Speaking during an Arabian Travel Market webinar on 1 June, Clark said that airlines need to assess their strategies around restoring capacity with regards to the mix of reactivating stored aircraft and taking delivery of new aircraft.
Clark says that airline planners are in uncharted waters with this dilemma.
“Part of the mix of the fleet assessment going forward is what is the affordability of new aeroplanes? What is the affordability of existing aeroplanes? For planners, we’ve never been there before.”
“A lot of the current fleet today is on debt, be it through operating leases, financial leases, all sorts of debt structures,” he says.
“The notion that you would simply ground them and say that’s okay is not [correct], because you have contractual obligations to the entity providing the debt or the operating lessors. And this is the real problem - that the fixed costs and the debt incurred to support the fixed costs is something that will not go away.”
As airlines rethink their priorities amid a collapse in cash flow, the key one becomes “survival”, says Clark.

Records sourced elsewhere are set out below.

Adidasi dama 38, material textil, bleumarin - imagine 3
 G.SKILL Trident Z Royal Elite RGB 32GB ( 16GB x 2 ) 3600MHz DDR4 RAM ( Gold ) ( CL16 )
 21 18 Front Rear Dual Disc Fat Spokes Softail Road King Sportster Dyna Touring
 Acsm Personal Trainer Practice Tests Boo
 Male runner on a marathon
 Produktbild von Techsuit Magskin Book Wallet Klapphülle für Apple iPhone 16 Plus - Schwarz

“I think the aerospace manufacturers are aware of this. They’re already seeing signs as future orders are pushed out or cancelled. Unfortunately, until we get income coming back into this business to the level it was, it’s anybody’s guess as to how each carrier is going to manage the short-, medium- and long-term,” he says.
“But I would suggest that we are nowhere near confident enough that the economics, cash flow and bottom line will put us in a good enough position to be able say yes we’ll buy 100 of this and 100 of that, etc. But again it’s short to medium term. Will it come good again in 2023-24? Probably.”